Montero, alone, asked the audience for “well-loved themes,” noting that singing said theme was part of the deal. After each suggestion, she would improvise. “Over the Rainbow” was shouted out, and thus she began.
I’m familiar with recordings she has made in which she makes up a piece as she goes along, and they sound so finished that it’s a little hard to believe that they’re born of spontaneity. Watching her embark on this task made it all make sense.
She noodled with the well-known melody, adding a harmony to those first eight bars, noodling some more, quietly, contemplatively. Then the improvisation began, a wash of melodic richness that quickly settled into a baroque-style piece in which the octave leap of the song’s first two notes bounced out frequently. Even the police-siren whine of the song’s bridge made a furtive appearance in the five-minute piece.
A staccato theme from Rhapsody in Blue inspired another five-minute improvisation, touching a flavor of Janácek by way of Rachmaninoff. But the next requester, asking for Sousa’s “The Stars and Stripes Forever,” wasn’t let off the hook. “You have to sing it for me,” the pianist insisted, and such is her charm that he did.
An amazing exhibition followed: Gottschalkian bombast followed by Fats Waller stride. Montero explained in an interview that she approaches each piece unprepared, the choices she makes entirely in the moment. Thus the pacing of the pieces is a matter of instinct. It made programmatic sense that the next number should be a contrast, so how appropriate to get a request for “Amazing Grace.”

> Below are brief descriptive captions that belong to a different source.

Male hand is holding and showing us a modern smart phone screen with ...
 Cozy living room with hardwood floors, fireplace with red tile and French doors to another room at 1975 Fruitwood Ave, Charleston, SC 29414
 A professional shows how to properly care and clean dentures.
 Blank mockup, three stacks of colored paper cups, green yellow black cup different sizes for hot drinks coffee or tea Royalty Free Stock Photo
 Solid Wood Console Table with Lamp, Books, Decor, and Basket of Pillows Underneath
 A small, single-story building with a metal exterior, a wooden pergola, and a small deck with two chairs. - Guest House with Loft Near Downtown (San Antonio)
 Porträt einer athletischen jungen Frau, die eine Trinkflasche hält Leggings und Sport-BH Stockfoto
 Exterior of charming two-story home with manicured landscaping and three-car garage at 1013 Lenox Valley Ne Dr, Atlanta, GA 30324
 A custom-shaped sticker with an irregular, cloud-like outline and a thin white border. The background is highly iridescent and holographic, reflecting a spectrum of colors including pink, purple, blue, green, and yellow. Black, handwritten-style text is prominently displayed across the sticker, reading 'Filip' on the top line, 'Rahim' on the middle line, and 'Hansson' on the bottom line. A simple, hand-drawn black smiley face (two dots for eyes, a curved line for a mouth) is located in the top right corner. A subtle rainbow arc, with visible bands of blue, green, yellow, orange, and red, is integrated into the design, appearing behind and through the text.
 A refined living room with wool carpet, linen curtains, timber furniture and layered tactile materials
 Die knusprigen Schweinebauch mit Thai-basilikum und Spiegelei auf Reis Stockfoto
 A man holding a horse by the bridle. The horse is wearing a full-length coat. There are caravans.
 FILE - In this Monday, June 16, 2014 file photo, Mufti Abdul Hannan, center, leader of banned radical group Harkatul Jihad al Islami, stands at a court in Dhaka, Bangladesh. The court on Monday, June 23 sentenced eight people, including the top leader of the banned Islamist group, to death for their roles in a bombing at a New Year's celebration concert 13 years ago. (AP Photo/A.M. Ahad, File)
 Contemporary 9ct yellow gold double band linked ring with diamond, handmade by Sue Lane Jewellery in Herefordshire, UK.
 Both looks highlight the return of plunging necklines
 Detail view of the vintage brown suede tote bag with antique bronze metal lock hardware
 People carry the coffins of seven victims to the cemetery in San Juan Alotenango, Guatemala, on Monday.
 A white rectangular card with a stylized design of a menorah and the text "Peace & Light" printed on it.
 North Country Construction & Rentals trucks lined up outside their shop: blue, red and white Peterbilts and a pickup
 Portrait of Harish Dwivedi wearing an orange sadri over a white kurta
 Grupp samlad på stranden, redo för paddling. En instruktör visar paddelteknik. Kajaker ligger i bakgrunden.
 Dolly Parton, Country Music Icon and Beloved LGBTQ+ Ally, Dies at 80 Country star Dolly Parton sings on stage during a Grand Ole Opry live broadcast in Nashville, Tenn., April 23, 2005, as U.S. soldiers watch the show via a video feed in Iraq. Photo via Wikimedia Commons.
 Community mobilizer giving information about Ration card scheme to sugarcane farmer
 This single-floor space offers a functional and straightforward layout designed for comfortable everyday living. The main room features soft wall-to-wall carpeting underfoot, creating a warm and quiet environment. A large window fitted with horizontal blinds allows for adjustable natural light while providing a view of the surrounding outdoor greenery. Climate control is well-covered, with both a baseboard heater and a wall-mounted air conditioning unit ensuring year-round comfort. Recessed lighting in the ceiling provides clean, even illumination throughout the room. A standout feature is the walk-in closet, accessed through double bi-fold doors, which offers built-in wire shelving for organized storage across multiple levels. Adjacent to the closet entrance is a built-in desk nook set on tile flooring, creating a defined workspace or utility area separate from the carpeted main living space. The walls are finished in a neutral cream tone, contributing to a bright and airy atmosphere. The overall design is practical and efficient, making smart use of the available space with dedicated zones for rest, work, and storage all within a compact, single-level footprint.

“Sing it for me,” said Montero. At first one voice, then more, until most of the audience had joined in to sing a complete chorus of the song to the pianist’s gentle accompaniment. It was as magical a moment as I’ve met in a concert hall. Although Montero’s improvisational voice is sui generis, there are trails of influence to be found, and here I heard Ravel and even Chaminade.
“La vie en rose” was unexpectedly Lisztian, with a tango rhythm emerging, while “Folsom Prison Blues”—a theme that required a few audience members to support the original wise guy who couldn’t sing the thing—was Gershwin-esque.
“Take Me out to the Ball Game,” the Albert Von Tilzer chestnut, proved to be a nice coincidence as a final request. It shares with “Over the Rainbow” a leap of an octave between its first two notes, and gave a sense of full-circle as Montero teased it through a Handelian opening into what unfolded like a miniature, multi-movement work for a very satisfying concert finish.